Pinguicula flowers have 5 anthers, 3 degenerate ones that are non-functional and can only be seen with a microscope and 2 large ones that are functional. The 3 dead ones are facing the outside of the flower while the 2 live ones are facing the inside and are, therefore, not visible unless the lower part of the corolla is removed (see above for protocol). The live anthers are made of a short and fat stem (called filament) that carries a large sack containing the pollen grains.
The stigma is carried by an inconspicuous stem and is usually 2-lipped. It contains a tiny (often invisible with the naked eye, but sometimes visible as a small dot) flat lip that faces upward and one large lip that faces downwards. It is easily visible with often a distinctive colour and some shininess. It is tongue-shaped and obstructs a large part of the flower throat. The anthers are located just behind this large lip. Since the outward facing surface of the stigma is the only one to be receptive to pollen grains, auto-pollination will not occur unless pollen grains are moved from one side of the stigma lip to the other one. Pinguicula pollen is not normally carried by the wind and pollination has to be facilitated by insects.
Self-pollination is a rare phenomenon that only concerns flowers that are too small for pollinators to visit such as the ones of P. villosa. In this case, the anther filaments elongate and hook back to deposit the pollen sacks on the right stigma surface. P. lusitanica flowers are also capable of self-pollination. A similar mechanism is activated when flowers are several says old and no pollinator has payed them a visit.

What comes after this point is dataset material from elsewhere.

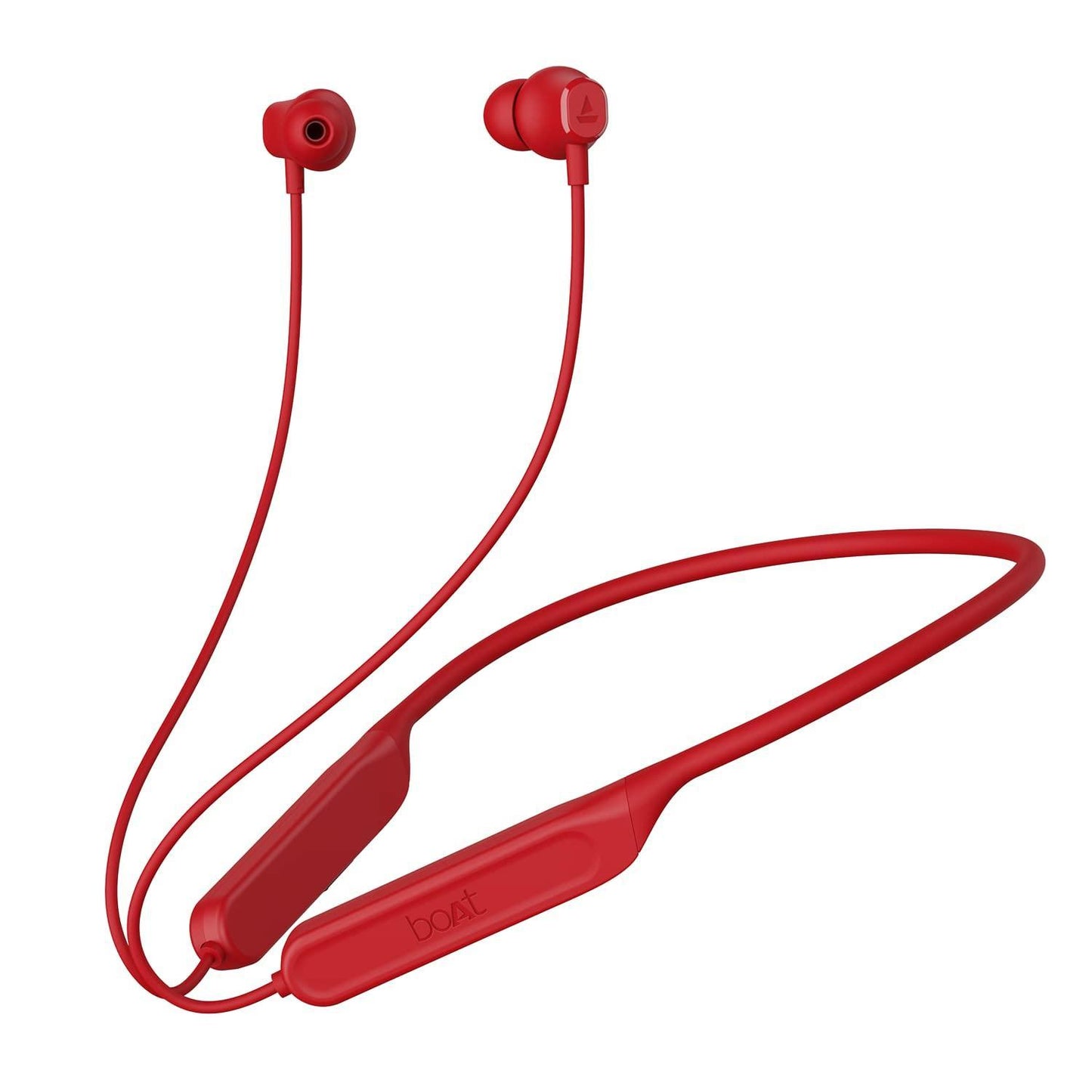 boAt Rockerz 378 Bluetooth Neckband with Spatial Bionic Sound Tuned by THX, Beast™ Mode, ASAP™ Charge, Signature Sound, 25 Hours Playtime & BT v5.1(Vibrant Red) - Triveni World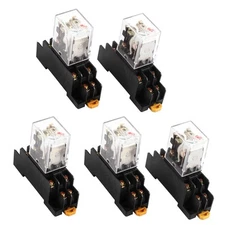 5Pcs DPDT AC 24V Power Relay GENERAL PURPOSE 8Pins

Flowers will remain open and fertile for 3 to 10 days and sometimes more if temperatures are cool enough so that there is no rush to pollinate them on their first day of opening. Because pollen grains escape from their sack by a small opening that naturally develops once the flower is mature, it is actually advisable to wait until flowers are 2 days old before pollinating them.

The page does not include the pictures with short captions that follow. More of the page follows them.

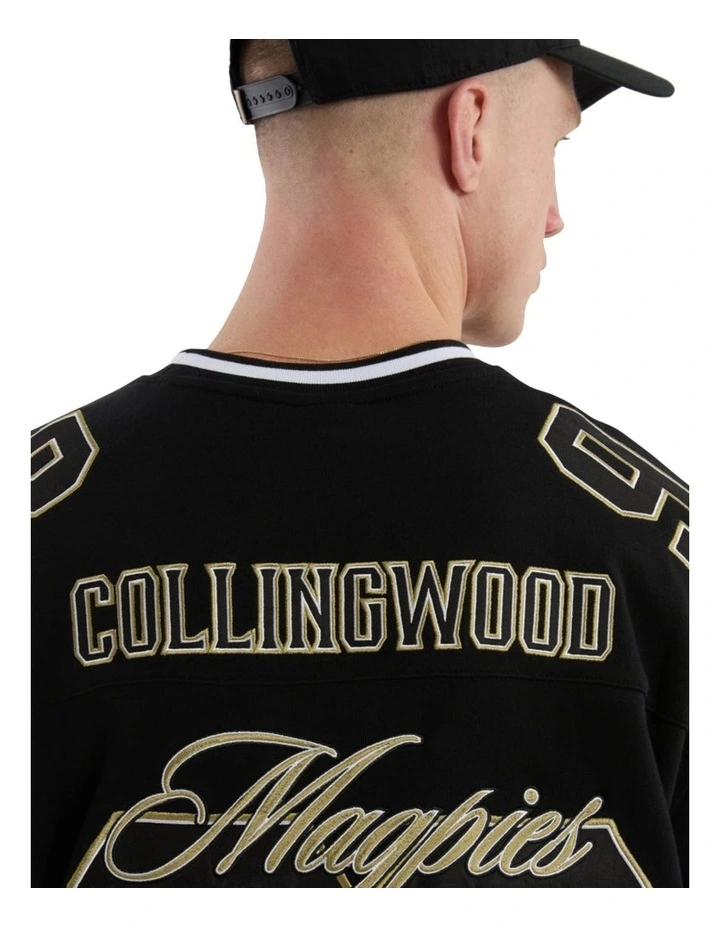 Collingwood League Loopback Tee in Jet Black image 5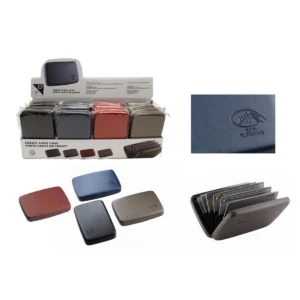 Pu Credit Card Holder- Grey, Black, Red, Navy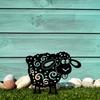 Enhance Your Garden with Metal Sheep Yard Art Silhouette. Adds a Touch of Whimsy and Charm To Home and Wall Decoration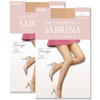 GUNZE Sabrina 2-Pair Sheer Tights for Women, 28 Denier, Wear-and-Go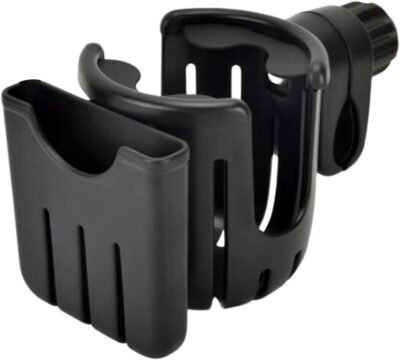 車椅子用カップホルダー、歩行器用カップホルダー |車椅子カップホルダー電動スクーターカップホルダー、電話ホルダー付きベビーカーカップホルダー、車椅子、歩行器、ベビーカーアクセサリー用ボトルホルダー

The use of a sharp instrument to collect the pollen is also advisable because it helps in the breakage of the antherís membrane and the release of the pollen grains it contains. Personally, I use a wood toothpick. They can be used as such or flattened and sharpened on one end with a blade to fit the size of the stigma lip. This will allow more pollen to be collected and inflict less damage to the flower structures.

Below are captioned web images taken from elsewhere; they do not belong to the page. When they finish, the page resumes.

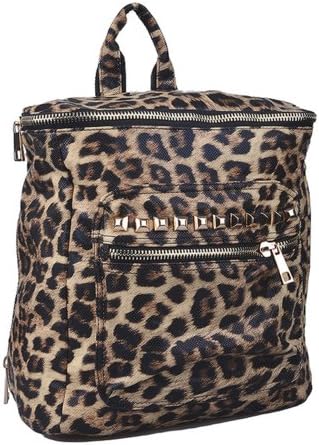 Cheetah Print Boxed Backpack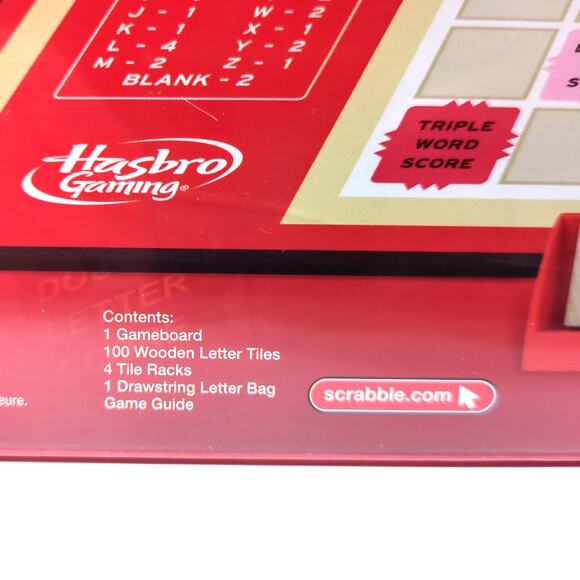 Classic Scrabble Crossword Board Game Hasbro 2013 Family Word Fun New Sealed - Picture 3 of 5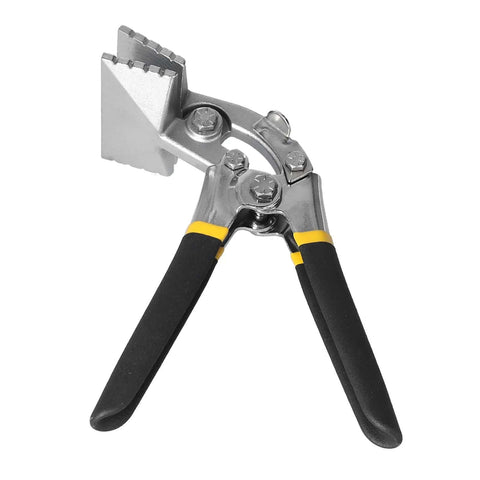 Alloy Steel Hand Seamer with folding pliers and rubber grip for sheet metal bending in HVAC window design 80mm straight or 80mm bent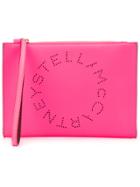 Stella Mccartney Stella Logo Clutch Bag - Pink & Purple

As stated above, the corolla needs to be split into 2 parts if its tube is too long and does not allow the stigma to be visible.
One easy way to carry the pollination is to hold the flower with one hand at its point of attachment to the corolla (this will open the corolla slightly as for snapdragons). The other hand holds the toothpick and passes it behind the stigma lip to collect the pollen (should be visible on the toothpick) to later deposit it on the stigma. If one big ball of pollen has been collected, it is good to spread it around on the stigma surface. Pinguicula capsules can accommodate many seeds (up to 100) and more seeds will be obtained if more pollen grains are given the opportunity to germinate. If there is little pollen, it is best to deposit it at the point of attachment of the 2 stigma lips, on the upper part of the big one, close to its attachment to the rest of the flower. This process of pollination, only needs to be carried out once and it is actually better not mess around too much with the toothpick.
of a Mexican hybrid of Pinguicula in pictures
Pollination of a Mexican hybrid of Pinguicula in pictures
If pollination has succeeded, the corolla will dry up and fall in a couple days. Then, the ovary will develop as a more or less round ball inserted on top of the sepals and capped by the dead stigma. Seeds will take 1-2 months to mature. They are ready for harvest when the sepals, seed capsule envelop and upper part of the stem turn brown. But donít wait too long to collect the seeds since, one day after browning, the capsule will split open and let the seeds fall.
There are several reasons why pollination may not succeed and they are not all well understood.
A reproduction barrier may exist between the 2 species. These do exist like between P. alpina and P. vulgaris in Europe or between European and Mexican Pinguicula. However, most Mexican/Cuban species hybridise with each other like European one, a process that may very well happen in nature.
One of your partners may be infertile. This has developed on several Mexican species that have been in cultivation for too long. The origin of this lack of fertility is unknown and may stem from past mass in vitro cultivation with the use of synthetic hormones. In this case, male and female parts may not be un-functional at the same time so that your plant may still be receptive to the pollen of another species or yield viable pollen while being auto-infertile. One classic example is made by P. esseriana and P. ehlersiae which are non auto-fertile in European collections. However, the 2 can be crossed successfully when the cross is carried in one direction only!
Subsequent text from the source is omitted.